The areas for restructuring include:
- Systems & Infrastructure
- Human Capital
Many funds run into issues if their portfolio liquidity does not match investor liquidity – market illiquidity and fund redemptions tend to coincide. The issue for managers is when investors want out but doing so would cause a fire sale of a fund’s illiquid investments. Traditionally, managers have gated redemptions to avoid realizing those losses but that leads to investor backlash – never keep someone’s money from them.
Another more feasible route is to side pocket illiquid investments. Side pocketing essentially segregates illiquid investments at an investor’s pro rata share and then pays out investors only after a realized event of the illiquid investments. There is a bit of work involved with administrators, auditors, and tax accountants to operationalize side pockets (and legal work if side pockets are not allowing in your offering documents). But the larger lift is by the investment manager informing and explaining to each investor the use of side pockets.
An alternative approach, which I believe ultimately creates more value for both the investment manager and investors, is to simply raise a new fund for the specific strategy. There is minimal additional operational work required – leverage existing offering docs, service providers, and your back office. Most of the additional work is on you, the investment manager, to talk with each one of your investors on the new thesis. Yes, raising capital is a painful process for most managers. Yes, it will take diligence and time to manage the existing fund and raise a new one. But the ability to bifurcate and execute two narratives will create new opportunities to capitalize on.
2 & 20 is dead. If you are the rare exceptional fund, you will charge more (e.g. Medallion Fund). For the typical fund, 1.5% / 15% or 1% / 10% with longer lock ups is the new normal.
Fees eat into returns and may ultimately hinder your ability to raise capital because of your net performance numbers. It is important to contemplate your vision of the fund and what the narrative with investors will be. If you are running a concentrated portfolio and need a handful of analysts, you should be willing to accept lower fees for longer lockups to protect yourself against distressed selling to meet redemptions. If you are running a quantitative high frequency trading strategy, you may want higher fees in order to pay for technology costs and acquiesce on lockups.
It’s important to remember that your Fund is a product. Like any product, you have to be able to explain its absolute value (e.g. why you need a wristwatch vs just looking at your phone) and on a relative basis (e.g. why you need a Rolex vs an IWC). The fees and terms should match the value proposition and strategy.
Systems & Infrastructure
With the pressure and burden that comes from managing other people’s money, as a manager, you want to do everything possible to make life easier – thank you technology. By leveraging the right technology, you can make your firm more efficient, effective, and scalable. But it’s not as simple as choosing the hottest new tech service. Think about the purpose that technology is solving and how it integrates with existing workstreams and processes.

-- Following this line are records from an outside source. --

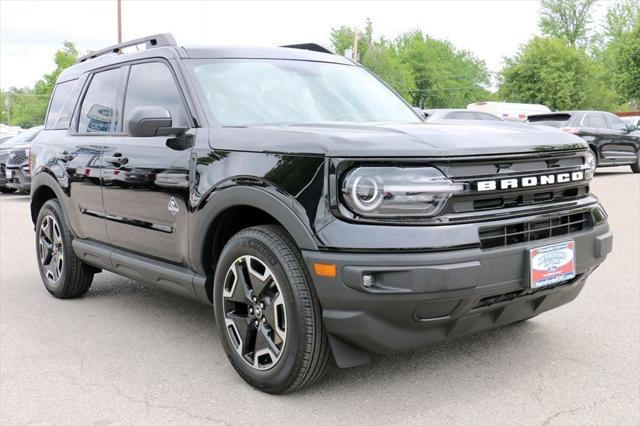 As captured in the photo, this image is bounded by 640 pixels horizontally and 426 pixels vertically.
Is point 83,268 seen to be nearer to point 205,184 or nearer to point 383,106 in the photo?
point 205,184

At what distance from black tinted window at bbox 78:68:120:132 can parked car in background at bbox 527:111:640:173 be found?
1296 cm

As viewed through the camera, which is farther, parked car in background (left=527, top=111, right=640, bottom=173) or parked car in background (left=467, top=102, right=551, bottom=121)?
parked car in background (left=467, top=102, right=551, bottom=121)

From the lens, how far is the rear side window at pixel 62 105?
537 centimetres

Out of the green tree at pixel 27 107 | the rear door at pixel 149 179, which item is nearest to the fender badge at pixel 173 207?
the rear door at pixel 149 179

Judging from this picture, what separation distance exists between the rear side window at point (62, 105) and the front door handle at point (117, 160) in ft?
3.66

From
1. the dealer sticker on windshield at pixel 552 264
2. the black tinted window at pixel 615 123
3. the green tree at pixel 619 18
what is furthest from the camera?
the green tree at pixel 619 18

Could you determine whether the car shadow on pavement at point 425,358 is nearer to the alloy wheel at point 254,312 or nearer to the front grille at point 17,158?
the alloy wheel at point 254,312

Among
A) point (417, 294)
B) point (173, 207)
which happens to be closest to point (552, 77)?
point (173, 207)

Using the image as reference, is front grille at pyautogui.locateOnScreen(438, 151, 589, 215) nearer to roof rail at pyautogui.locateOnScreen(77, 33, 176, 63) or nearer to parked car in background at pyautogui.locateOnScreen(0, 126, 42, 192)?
roof rail at pyautogui.locateOnScreen(77, 33, 176, 63)

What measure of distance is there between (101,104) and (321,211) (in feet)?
8.87

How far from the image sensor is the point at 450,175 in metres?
2.88

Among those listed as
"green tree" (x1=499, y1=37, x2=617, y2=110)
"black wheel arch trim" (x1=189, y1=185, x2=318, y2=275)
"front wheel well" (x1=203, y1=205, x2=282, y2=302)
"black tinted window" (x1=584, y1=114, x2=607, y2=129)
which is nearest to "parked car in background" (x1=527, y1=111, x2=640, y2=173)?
"black tinted window" (x1=584, y1=114, x2=607, y2=129)

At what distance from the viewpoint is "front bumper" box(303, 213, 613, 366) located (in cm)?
278

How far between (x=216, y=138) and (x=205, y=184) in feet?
0.83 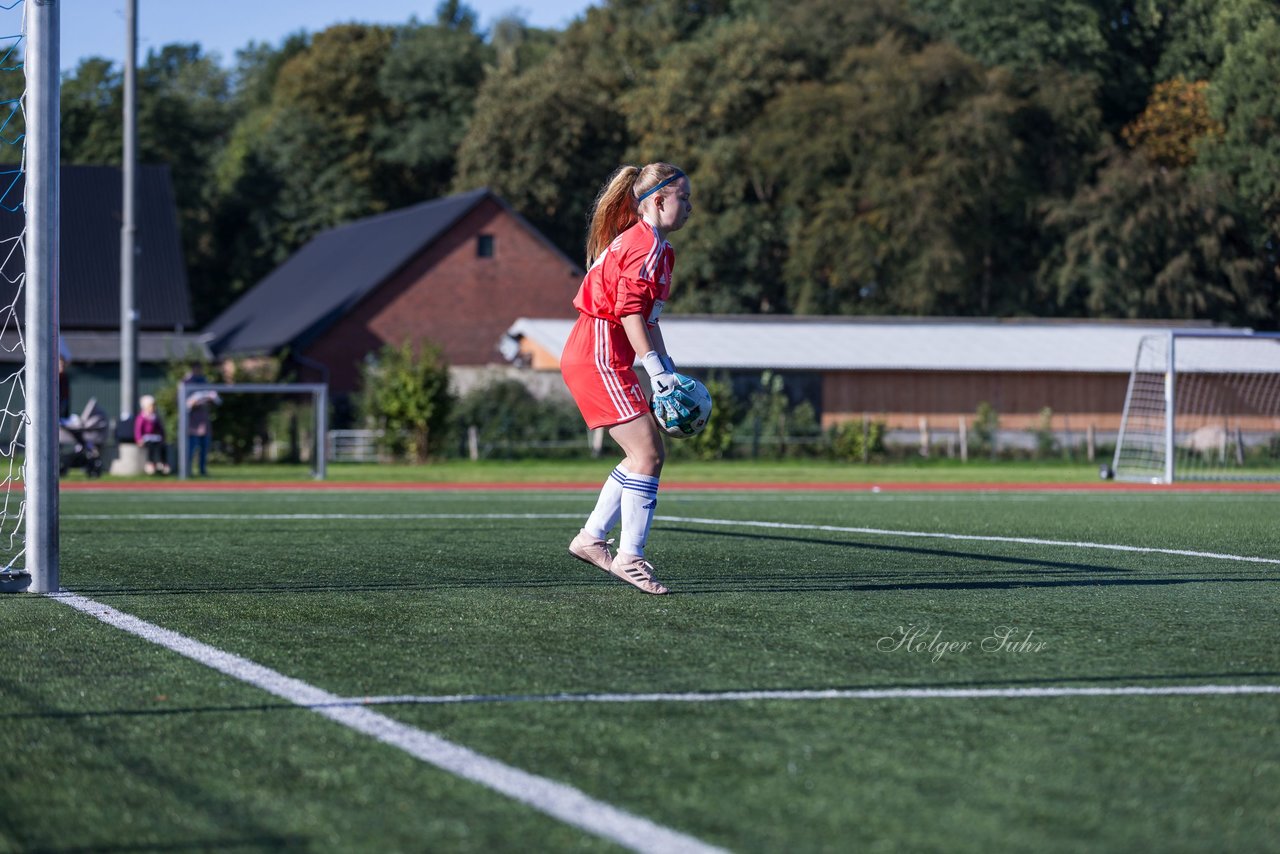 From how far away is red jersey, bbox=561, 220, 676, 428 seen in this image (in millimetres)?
7070

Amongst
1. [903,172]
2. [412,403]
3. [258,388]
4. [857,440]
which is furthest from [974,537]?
[903,172]

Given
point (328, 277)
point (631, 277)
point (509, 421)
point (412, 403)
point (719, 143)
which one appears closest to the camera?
point (631, 277)

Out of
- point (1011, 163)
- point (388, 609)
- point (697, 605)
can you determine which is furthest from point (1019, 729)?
point (1011, 163)

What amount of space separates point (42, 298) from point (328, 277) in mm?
46693

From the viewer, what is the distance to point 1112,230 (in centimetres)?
5084

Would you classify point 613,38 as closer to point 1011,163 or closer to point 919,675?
point 1011,163

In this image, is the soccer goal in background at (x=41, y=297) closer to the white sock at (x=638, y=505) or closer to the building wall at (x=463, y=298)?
the white sock at (x=638, y=505)

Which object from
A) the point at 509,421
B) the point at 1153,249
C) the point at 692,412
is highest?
the point at 1153,249

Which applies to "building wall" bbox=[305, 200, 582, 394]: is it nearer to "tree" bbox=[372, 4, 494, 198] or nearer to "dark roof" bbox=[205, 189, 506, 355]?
"dark roof" bbox=[205, 189, 506, 355]

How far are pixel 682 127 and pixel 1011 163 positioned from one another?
1137 cm

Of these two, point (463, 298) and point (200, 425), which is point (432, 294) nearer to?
point (463, 298)

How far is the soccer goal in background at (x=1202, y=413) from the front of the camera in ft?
80.6

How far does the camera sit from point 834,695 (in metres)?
4.42

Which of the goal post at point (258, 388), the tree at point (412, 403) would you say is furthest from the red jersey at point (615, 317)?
the tree at point (412, 403) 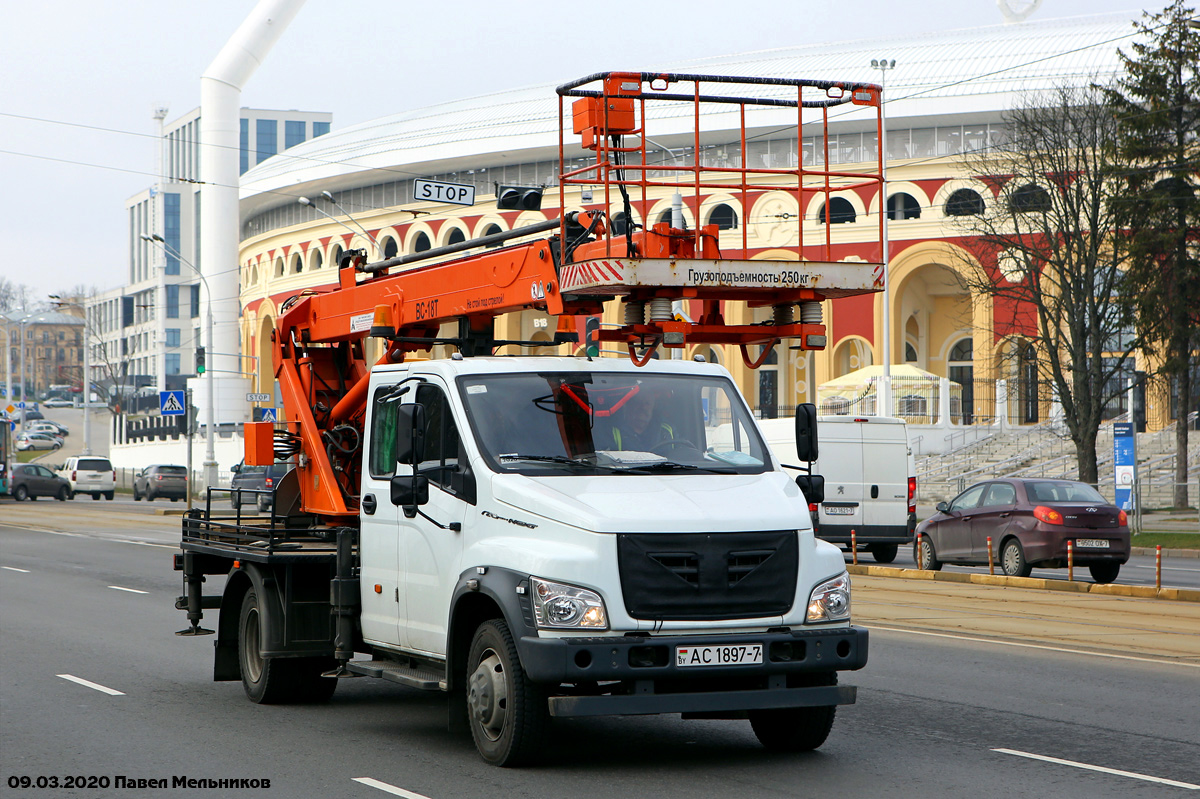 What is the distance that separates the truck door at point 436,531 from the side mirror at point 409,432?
0.45ft

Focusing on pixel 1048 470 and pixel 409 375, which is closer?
pixel 409 375

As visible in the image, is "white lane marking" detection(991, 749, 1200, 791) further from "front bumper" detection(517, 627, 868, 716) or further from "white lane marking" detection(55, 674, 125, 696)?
"white lane marking" detection(55, 674, 125, 696)

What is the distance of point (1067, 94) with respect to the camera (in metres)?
40.0

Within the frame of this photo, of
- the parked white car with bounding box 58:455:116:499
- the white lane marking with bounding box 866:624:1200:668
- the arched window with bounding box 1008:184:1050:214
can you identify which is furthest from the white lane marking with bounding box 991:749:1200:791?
the parked white car with bounding box 58:455:116:499

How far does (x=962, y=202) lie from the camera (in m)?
57.2

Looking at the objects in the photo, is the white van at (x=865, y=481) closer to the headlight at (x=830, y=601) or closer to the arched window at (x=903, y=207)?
the headlight at (x=830, y=601)

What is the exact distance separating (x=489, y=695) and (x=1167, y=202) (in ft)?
114

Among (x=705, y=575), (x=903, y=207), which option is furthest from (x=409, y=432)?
(x=903, y=207)

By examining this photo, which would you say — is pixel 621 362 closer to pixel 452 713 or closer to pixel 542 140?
pixel 452 713

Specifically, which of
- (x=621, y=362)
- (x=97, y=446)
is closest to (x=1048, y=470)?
(x=621, y=362)

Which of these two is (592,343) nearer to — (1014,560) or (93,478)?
(1014,560)

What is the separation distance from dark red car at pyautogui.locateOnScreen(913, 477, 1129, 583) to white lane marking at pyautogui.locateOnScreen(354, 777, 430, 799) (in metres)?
14.3

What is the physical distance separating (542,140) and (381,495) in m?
59.6

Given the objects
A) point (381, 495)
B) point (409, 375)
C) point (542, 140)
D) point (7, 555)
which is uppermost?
point (542, 140) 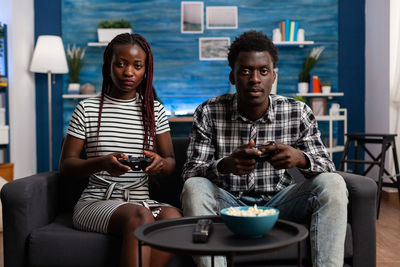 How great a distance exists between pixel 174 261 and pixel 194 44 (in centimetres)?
365

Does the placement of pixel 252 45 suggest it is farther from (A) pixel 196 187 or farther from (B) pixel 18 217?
(B) pixel 18 217

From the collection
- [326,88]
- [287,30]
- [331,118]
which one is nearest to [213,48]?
[287,30]

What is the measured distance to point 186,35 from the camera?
5.12 metres

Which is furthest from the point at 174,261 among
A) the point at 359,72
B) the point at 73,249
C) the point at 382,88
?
the point at 359,72

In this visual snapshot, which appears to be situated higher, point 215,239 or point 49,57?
point 49,57

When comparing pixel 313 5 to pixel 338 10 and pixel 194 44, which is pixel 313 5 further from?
pixel 194 44

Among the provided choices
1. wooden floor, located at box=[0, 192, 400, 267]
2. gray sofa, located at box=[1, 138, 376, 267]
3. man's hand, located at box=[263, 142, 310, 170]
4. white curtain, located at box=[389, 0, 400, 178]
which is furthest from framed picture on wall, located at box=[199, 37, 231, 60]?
man's hand, located at box=[263, 142, 310, 170]

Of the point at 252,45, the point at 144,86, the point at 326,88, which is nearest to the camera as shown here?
the point at 252,45

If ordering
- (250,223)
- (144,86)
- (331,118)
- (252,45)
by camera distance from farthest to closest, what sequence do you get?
(331,118), (144,86), (252,45), (250,223)

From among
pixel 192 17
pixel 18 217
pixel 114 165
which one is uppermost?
pixel 192 17

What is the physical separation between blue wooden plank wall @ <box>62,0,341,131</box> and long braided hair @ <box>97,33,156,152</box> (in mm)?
3109

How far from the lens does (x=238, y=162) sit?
155 centimetres

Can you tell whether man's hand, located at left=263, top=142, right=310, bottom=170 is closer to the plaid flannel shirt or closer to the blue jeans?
the blue jeans

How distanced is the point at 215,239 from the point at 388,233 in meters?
2.32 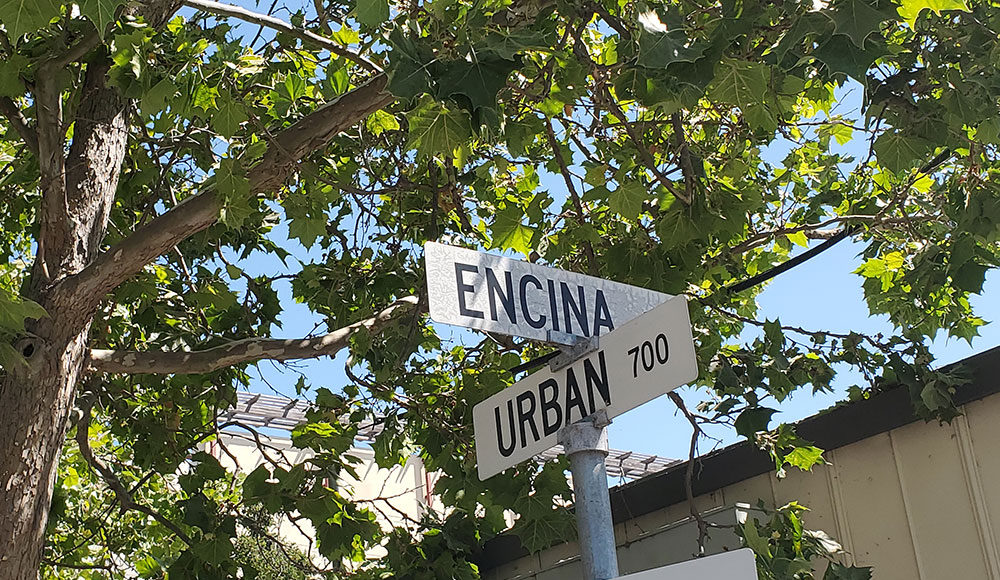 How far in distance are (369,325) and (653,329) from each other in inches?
122

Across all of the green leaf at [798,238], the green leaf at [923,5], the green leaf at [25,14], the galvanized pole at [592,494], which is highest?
the green leaf at [798,238]

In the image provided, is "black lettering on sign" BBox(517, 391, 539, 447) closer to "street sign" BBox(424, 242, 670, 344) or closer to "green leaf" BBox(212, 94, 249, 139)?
"street sign" BBox(424, 242, 670, 344)

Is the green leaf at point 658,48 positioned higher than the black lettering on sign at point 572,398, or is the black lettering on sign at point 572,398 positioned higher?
the green leaf at point 658,48

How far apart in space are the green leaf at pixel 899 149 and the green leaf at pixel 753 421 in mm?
1161

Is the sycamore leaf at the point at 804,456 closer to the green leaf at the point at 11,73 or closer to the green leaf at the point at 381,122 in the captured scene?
the green leaf at the point at 381,122

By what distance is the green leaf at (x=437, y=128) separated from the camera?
326 cm

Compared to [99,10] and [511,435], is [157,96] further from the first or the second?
[511,435]

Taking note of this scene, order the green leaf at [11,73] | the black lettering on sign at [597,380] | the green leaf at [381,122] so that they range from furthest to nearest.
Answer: the green leaf at [381,122]
the green leaf at [11,73]
the black lettering on sign at [597,380]

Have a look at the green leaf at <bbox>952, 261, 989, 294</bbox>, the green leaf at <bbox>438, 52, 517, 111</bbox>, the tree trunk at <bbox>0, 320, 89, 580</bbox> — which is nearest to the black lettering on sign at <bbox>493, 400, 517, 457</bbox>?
the green leaf at <bbox>438, 52, 517, 111</bbox>

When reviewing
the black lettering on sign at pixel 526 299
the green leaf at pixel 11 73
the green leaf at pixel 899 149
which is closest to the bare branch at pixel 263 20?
the green leaf at pixel 11 73

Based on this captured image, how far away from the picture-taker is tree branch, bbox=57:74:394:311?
4012 mm

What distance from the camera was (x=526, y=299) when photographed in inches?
85.9

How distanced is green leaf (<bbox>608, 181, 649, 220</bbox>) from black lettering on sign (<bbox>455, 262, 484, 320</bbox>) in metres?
2.07

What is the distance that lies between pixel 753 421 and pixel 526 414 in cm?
225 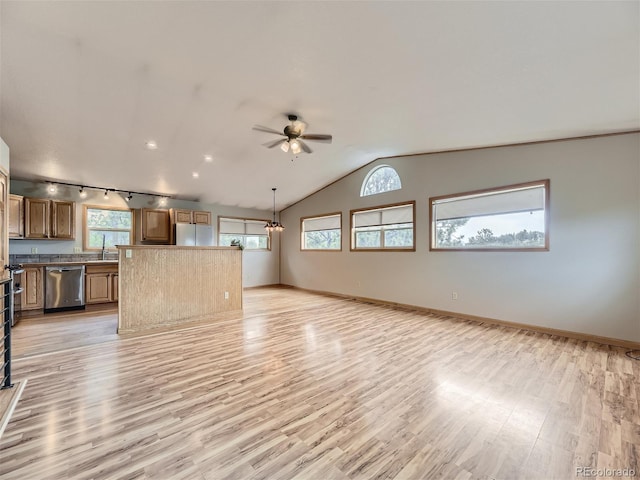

If 50% of the firm has Bloomberg Terminals and the others don’t, what is the best way to chat digitally across the firm? Well it depends on a few factors – what operating system do most employees use, do you need the ability to video call both internally and externally, etc.?
Along those lines, there are plethora of new companies, services and programs that cater to various parts of your organization – from investor relations to payroll. This allows your firm to stay lean yet productive.
Given that trading software and portfolio management systems are cloud based, you may want to shift focus away from disaster recovery and more toward data security. With servers in the cloud and no longer needing to “flip the switch” to a remote server site, there is an opportunity to reallocate those resources to ensure that company data is protected from hackers.
The most important differentiator at a firm is the people. Focus on developing a system to attract, train, nurture, and grow talent. Meritocracies are a wonderful thing, but you need to create and maintain an environment to foster that culture.
Is there a formal annual review process? Are the individual, team, and company goals clear? Is everything P&L driven or does process take precedence over outcome? One of the least discussed items at any fund is human resources strategy and it’s arguably one of the most important things for the long-term success of a firm.